Justement. Mais en fait vous avez surtout besoin qu’on vous dise que vos stratégies sont bonnes. Alors qu’elles ne le sont pas et on démontré depuis la loi travail qu’elles ne faisaient que renforcer le gouvernement.
Le gouvernement à besoin de votre « violence » strict mirroir inoffensif de la sienne.
Sortir du train train bien rodé et folklorique des « affrontements »et autres « insurrections » quand cela est nécessaire ne peut même pas vous venir à l’esprit. Le gouvernement et sa police le sait et vous en remercie.
C’est évident qu’on n’arrivera pas à une révolution en faisant l’économie d’un affrontement avec les chiens de garde de l’état et du capital. C’est ce que rappellent à juste titre ceux qui sortent du cadre sympathiqyue des défilés autorisés, certainement autorisés parce qu’ils arrangent la police, l’état et le capital! Donc merci à elles et eux de nous rappeler cette évidence. Plus on sera nombreuses et nombreux à suivre cet exemple et plus on aura de chances de venir à bout de ce système qui ne s’effondrera pas tout seul, ni à force de gentilles initiatives altercapitalistes.

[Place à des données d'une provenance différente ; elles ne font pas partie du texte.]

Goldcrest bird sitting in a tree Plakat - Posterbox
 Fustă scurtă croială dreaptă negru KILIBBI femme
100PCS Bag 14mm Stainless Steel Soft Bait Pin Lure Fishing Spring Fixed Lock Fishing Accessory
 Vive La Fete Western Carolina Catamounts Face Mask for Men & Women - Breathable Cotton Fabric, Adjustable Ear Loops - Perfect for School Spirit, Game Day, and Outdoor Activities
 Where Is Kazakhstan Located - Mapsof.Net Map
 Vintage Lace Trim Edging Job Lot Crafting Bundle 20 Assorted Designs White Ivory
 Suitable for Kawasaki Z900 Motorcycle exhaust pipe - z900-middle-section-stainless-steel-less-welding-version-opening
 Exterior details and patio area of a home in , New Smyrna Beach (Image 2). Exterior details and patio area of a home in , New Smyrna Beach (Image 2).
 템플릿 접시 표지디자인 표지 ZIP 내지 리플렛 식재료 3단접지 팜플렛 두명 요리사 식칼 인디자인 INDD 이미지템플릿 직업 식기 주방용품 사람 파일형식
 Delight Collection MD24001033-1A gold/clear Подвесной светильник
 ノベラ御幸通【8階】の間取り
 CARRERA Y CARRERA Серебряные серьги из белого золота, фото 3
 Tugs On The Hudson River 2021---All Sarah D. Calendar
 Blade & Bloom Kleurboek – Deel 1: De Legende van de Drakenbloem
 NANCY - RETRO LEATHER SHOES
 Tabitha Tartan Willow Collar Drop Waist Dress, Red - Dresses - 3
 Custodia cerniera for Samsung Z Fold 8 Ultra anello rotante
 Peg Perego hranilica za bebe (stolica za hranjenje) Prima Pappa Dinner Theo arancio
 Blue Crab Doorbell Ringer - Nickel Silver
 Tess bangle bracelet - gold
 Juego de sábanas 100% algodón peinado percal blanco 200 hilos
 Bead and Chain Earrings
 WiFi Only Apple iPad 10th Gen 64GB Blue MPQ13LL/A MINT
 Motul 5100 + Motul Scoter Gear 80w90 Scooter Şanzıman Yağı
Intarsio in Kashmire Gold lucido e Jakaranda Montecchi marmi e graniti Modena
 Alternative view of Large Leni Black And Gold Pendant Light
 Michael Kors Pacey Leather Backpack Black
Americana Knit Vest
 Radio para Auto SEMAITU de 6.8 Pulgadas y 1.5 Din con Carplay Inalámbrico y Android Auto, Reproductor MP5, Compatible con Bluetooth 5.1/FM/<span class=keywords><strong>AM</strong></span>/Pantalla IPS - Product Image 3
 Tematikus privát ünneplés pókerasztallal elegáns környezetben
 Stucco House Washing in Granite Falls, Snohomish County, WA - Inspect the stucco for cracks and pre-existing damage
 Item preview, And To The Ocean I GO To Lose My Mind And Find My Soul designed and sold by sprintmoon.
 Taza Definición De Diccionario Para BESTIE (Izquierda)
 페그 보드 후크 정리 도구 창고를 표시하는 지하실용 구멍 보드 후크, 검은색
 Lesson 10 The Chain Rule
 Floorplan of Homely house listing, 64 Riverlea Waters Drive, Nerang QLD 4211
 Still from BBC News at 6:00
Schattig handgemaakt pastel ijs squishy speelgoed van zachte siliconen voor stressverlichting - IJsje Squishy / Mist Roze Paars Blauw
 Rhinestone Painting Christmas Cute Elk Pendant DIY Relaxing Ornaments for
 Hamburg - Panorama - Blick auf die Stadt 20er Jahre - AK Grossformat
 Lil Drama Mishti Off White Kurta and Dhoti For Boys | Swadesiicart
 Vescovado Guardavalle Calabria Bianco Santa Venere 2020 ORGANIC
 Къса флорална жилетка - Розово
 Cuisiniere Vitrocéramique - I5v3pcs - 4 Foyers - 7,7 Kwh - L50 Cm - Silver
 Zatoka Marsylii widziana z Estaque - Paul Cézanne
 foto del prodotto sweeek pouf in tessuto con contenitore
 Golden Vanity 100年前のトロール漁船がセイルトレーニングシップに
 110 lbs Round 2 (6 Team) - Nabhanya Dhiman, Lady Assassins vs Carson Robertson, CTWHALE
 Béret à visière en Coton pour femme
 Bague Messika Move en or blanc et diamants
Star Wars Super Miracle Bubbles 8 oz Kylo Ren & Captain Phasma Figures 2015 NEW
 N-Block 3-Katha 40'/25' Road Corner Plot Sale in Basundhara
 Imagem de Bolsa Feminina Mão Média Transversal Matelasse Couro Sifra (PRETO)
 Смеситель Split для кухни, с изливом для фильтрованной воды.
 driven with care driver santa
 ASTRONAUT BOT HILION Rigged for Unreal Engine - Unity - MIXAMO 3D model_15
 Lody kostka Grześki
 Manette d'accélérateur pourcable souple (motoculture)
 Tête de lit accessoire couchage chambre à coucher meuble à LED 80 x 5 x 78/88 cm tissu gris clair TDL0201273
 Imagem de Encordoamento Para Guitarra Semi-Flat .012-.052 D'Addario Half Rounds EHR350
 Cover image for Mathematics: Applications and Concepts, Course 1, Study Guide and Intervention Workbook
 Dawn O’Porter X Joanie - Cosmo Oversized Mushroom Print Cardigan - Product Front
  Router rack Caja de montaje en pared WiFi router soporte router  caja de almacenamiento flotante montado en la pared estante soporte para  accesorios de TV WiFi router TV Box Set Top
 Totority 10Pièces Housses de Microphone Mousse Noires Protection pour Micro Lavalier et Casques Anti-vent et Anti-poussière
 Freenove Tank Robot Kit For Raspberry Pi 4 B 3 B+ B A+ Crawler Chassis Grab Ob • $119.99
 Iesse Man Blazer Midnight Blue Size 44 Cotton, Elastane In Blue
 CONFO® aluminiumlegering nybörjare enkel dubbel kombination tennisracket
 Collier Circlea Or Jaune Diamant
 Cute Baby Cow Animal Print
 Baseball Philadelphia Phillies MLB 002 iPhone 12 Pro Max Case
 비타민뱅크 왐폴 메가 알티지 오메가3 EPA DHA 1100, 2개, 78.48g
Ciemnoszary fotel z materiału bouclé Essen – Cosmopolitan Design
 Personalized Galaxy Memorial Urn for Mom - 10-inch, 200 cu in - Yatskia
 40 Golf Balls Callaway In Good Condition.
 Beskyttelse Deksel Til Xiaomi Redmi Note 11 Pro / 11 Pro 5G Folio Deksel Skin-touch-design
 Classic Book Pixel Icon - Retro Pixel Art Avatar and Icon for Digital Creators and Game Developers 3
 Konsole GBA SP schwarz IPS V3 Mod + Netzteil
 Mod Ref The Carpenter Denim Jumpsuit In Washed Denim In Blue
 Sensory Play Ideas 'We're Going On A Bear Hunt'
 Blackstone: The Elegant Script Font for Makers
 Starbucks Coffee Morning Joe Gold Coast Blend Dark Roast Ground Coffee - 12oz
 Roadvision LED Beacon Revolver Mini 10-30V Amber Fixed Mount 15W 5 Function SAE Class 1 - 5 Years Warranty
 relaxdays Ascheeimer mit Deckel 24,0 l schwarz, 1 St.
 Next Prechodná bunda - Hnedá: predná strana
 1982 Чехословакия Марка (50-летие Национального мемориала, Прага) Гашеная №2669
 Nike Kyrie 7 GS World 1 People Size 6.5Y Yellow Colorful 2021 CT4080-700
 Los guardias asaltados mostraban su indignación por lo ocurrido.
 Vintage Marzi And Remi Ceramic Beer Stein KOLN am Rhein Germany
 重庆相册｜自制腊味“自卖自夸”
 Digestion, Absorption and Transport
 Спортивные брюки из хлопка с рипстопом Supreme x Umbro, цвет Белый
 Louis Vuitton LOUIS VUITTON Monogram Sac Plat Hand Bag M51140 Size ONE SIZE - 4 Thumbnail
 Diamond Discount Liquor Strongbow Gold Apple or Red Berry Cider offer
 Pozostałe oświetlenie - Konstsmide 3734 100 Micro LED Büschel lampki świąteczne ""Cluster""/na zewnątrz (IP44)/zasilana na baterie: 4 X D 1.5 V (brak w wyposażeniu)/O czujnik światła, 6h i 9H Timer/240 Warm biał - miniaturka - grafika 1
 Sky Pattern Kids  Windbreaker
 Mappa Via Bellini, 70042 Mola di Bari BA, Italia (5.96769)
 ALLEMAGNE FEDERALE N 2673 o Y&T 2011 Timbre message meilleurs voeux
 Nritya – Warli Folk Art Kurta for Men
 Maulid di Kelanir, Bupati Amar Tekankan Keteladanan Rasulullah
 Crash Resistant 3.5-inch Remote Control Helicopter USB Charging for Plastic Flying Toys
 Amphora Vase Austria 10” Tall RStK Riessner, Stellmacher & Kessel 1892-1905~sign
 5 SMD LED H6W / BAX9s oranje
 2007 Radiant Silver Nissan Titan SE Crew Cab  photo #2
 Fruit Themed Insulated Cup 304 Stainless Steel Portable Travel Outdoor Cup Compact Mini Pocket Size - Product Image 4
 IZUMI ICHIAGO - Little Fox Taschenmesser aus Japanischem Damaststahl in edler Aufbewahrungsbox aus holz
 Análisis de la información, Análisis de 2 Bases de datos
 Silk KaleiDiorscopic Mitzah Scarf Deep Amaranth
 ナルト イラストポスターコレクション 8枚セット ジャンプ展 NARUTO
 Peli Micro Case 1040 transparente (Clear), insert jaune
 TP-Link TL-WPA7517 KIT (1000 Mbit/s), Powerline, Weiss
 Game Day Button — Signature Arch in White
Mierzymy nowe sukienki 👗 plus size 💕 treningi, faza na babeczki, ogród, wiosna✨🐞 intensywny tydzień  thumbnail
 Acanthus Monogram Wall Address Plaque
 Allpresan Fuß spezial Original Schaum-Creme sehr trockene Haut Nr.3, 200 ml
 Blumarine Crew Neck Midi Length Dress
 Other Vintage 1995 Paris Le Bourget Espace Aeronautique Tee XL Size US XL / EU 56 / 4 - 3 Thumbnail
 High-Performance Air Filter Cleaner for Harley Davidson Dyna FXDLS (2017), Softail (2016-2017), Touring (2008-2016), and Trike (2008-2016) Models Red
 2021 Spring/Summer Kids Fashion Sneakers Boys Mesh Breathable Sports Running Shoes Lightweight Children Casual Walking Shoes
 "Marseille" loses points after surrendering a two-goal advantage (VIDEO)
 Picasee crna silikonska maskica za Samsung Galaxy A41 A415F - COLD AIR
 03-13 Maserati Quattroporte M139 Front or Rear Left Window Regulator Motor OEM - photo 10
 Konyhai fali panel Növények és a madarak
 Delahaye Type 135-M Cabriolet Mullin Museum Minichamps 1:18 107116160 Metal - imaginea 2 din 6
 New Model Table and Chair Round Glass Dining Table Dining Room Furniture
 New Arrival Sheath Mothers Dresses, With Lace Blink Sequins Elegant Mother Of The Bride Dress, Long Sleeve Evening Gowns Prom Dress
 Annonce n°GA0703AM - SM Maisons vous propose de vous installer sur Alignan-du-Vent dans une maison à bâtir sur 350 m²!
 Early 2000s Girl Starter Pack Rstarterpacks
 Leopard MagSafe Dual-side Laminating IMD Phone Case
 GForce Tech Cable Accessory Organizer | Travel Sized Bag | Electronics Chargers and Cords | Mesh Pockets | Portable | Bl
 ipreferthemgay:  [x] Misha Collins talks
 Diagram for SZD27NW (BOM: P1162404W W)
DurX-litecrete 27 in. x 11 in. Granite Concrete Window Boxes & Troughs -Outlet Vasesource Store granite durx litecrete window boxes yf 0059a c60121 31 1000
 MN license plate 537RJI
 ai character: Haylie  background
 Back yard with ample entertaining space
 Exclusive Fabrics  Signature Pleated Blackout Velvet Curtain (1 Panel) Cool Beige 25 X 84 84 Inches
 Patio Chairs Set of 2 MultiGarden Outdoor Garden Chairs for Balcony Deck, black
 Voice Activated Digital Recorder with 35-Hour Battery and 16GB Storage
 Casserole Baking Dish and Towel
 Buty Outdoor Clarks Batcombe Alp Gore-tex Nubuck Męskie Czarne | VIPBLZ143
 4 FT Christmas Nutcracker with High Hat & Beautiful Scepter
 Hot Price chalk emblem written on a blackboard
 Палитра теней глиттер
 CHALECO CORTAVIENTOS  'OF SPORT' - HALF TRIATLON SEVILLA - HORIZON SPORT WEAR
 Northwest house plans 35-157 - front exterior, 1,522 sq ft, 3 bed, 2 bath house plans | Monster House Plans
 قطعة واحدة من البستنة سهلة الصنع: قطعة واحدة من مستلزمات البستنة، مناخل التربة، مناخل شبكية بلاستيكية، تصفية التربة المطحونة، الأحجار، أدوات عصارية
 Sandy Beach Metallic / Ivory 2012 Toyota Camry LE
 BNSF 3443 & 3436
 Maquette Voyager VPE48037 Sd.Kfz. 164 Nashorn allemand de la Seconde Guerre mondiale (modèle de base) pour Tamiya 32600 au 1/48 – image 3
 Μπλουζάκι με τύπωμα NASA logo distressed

« C’est évident qu’on n’arrivera pas à une révolution en faisant l’économie d’un affrontement avec les chiens de garde de l’état et du capital. »
C’est les conditions et stratégies de l’affrontement qui posent question. Un affrontement ce n’est pas casser une vitrine. Ca c’est du spectacle. Et affronter les chiens de garde sans but identifiable autre que l’affrontement c’est leur faire le cadeau d’une victoire facile. Les victoires c’est quand l’énnemi recule, pas quand on s’est fait plaisir parcequ’on a réussi à ne pas se faire prendre. si cette loi est retirée cela ne sera pas grâce à deux ou trois poubelles brulées,ni un flic caillassé, bien au contraire. Mais parceque des centaines de milliers de personnes sont sorties dans les rues suites aux erreurs comises par l’ennemi. Ce n’est aucunement grâce à des situations que vous avez crées. Vous vous greffez sur les situations des autres pour les tirez vers vos stratégies. Qui sont celles du pouvoir. Mais même là vous avez échoué. Finalement, malgré les médias et le désir du puvoir d’utliser votre inoffensif spectale vous avez été ignorés de l’immense majorité.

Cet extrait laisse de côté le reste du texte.